[Start of Attachment]

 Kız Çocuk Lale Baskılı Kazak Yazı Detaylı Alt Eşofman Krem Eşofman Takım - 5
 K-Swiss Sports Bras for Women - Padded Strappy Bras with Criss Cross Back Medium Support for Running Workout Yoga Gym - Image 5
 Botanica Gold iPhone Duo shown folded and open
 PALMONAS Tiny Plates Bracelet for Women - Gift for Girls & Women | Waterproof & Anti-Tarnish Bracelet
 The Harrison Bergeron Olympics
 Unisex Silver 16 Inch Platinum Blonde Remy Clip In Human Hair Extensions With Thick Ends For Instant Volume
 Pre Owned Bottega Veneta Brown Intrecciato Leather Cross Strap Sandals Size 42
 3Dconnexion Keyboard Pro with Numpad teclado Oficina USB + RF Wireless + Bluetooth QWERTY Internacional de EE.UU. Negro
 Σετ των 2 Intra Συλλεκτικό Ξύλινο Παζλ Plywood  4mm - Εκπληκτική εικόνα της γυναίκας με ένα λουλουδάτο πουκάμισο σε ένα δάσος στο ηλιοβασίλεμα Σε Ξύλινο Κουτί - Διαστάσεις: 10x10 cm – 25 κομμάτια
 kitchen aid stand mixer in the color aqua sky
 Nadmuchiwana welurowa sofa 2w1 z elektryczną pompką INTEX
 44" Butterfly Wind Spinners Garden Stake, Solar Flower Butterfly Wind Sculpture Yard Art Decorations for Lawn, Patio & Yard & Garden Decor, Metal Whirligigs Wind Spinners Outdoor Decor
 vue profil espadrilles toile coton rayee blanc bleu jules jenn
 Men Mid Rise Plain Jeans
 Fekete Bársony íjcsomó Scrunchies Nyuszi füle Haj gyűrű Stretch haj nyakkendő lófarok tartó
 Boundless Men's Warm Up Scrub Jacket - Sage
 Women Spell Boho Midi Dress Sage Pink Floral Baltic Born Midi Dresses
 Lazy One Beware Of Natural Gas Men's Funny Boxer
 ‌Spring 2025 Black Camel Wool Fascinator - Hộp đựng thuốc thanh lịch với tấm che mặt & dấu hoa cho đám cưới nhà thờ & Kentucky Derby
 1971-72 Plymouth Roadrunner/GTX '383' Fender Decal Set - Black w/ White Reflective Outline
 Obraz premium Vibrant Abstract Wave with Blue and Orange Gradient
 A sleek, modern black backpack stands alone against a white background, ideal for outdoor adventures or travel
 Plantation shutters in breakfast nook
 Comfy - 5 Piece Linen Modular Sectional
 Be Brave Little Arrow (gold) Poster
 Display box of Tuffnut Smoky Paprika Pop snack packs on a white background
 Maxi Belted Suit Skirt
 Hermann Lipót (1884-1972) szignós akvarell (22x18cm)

[End of Attachment]

*Activity:* A line in the material may hold the string "Women". Report how many do, and write only the number.

*Reply to the task:* 3